HI-TEC Topping Plant
Summary
The Val Verde HI-TEC design comes in standard sizes of 300 bpd (15,000 metric tons per year),
600 bpd (30,000 metric tons per year), 1,000 bpd (50,000 metric tons per year), 3,000 bpd
(150,000 metric tons per year) 6,000 bpd (300,000 metric tons per year) and 12,000 bpd
(600,000 metric tons per year).
The following data is specifically for the HI-TEC 10-30, which is a 600 bpd (30,000 metric tons
per year) plant. Since our HI-TEC models have a turndown capability of 3 to 1, the 10-30
implies that this plant can operate at a rate of 10,000 to 30,000 metric tons per year (200 to 600
bpd).
The Val Verde HI-TEC Model 10-30 topping plant is a modularized, highly portable topping
plant capable of processing 600 barrels per day of a wide range of crude oil and produces
naphtha, diesel and fuel oil. The plant can be set up within several days after arrival at a
completed plant site and can be operational within a week of arrival.

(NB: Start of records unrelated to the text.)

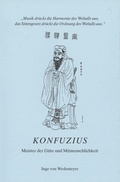 Cover: Konfuzius - Meister der G&uuml;te und Mitmenschlichkeit - Heilbronn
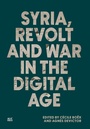 Cover: Syria, Revolt and War in the Digital Age - American University in Cairo Press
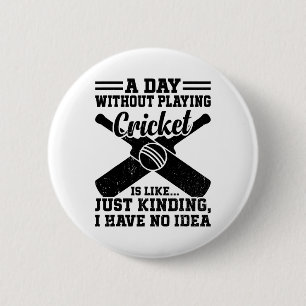 A Day Without Playing Cricket Is Like.... Just Kid 6 Cm Round Badge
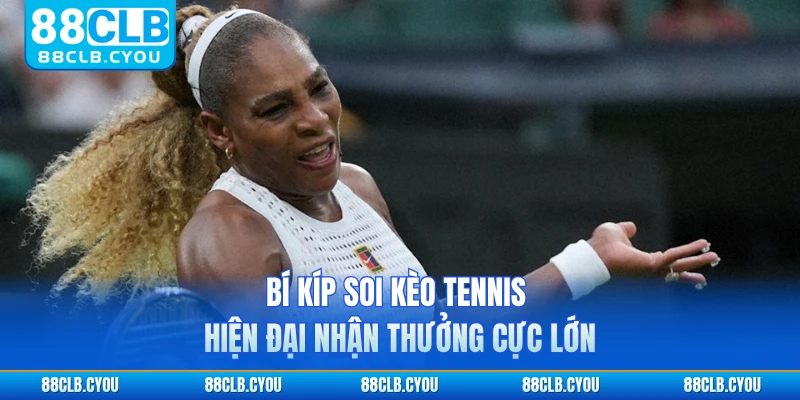 Bí kíp soi kèo tennis hiện đại nhận thưởng cực lớn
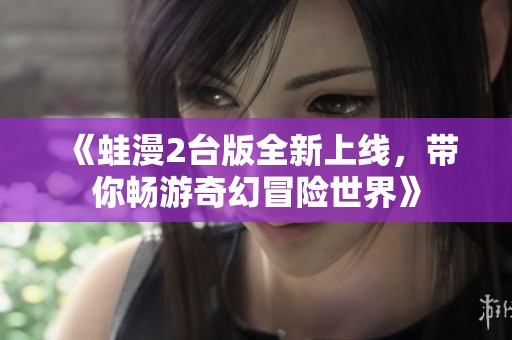 《蛙漫2臺版全新上線，帶你暢游奇幻冒險世界》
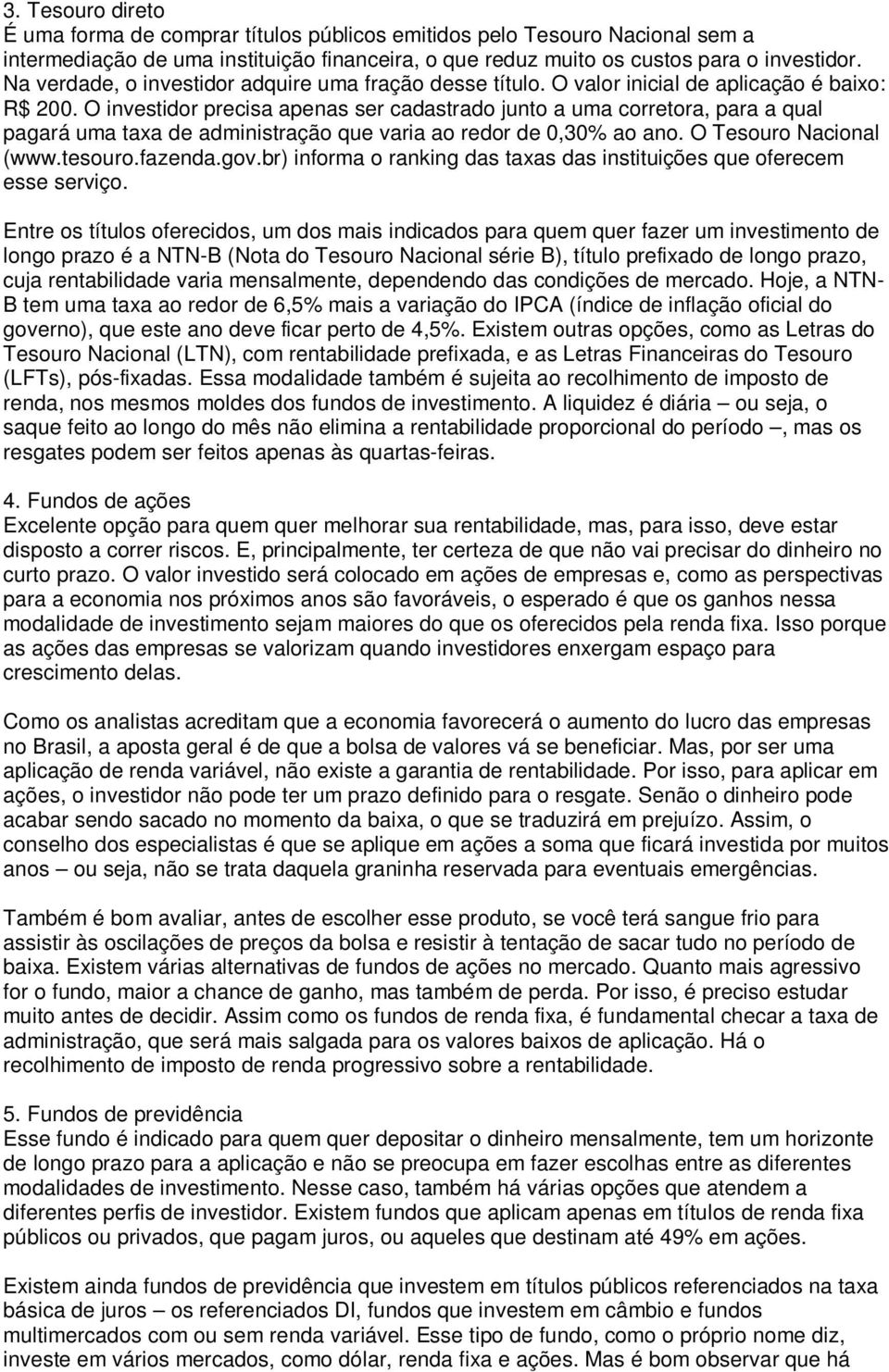 O investidor precisa apenas ser cadastrado junto a uma corretora, para a qual pagará uma taxa de administração que varia ao redor de 0,30% ao ano. O Tesouro Nacional (www.tesouro.fazenda.gov.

The plant is automatic, can be started up in one hour, has an automatic system to shut the plant
down in the event that a hazardous situation occurs and a “First Out” annunciator to let the
operator know the reason for the shutdown. Automatic controls control the temperature of the
heater outlet, tower top vapor temperature, diesel side draw temperature, diesel reboiler
temperature, the level of the tower bottoms, diesel stripper level and the naphtha and water levels
in the naphtha accumulator.
The tower and stripper are made of 316 stainless steel and the heater tubes are 9% chrome. The
piping (2” and smaller) is 316 stainless steel tubing with bends and Swagelok fittings having no
welds. The naphtha pump is a “canned” pump having no seals and the feed pump is a stainless
steel lobe positive displacement pump that turns at only 360 rpm.
Plant Feed and Products
Flexibility is incorporated in the design of this plant to process a variety of crude oils. The actual
capacity of the plant will depend on the percentages of the fractions of the specific crude
processed. Specifically, the plant is designed to process 600 barrels per day of 35o to 41o API
crude and the products from the plant are naphtha, diesel and reduced crude (fuel oil). The plant
can be operated at 33% of its rated capacity.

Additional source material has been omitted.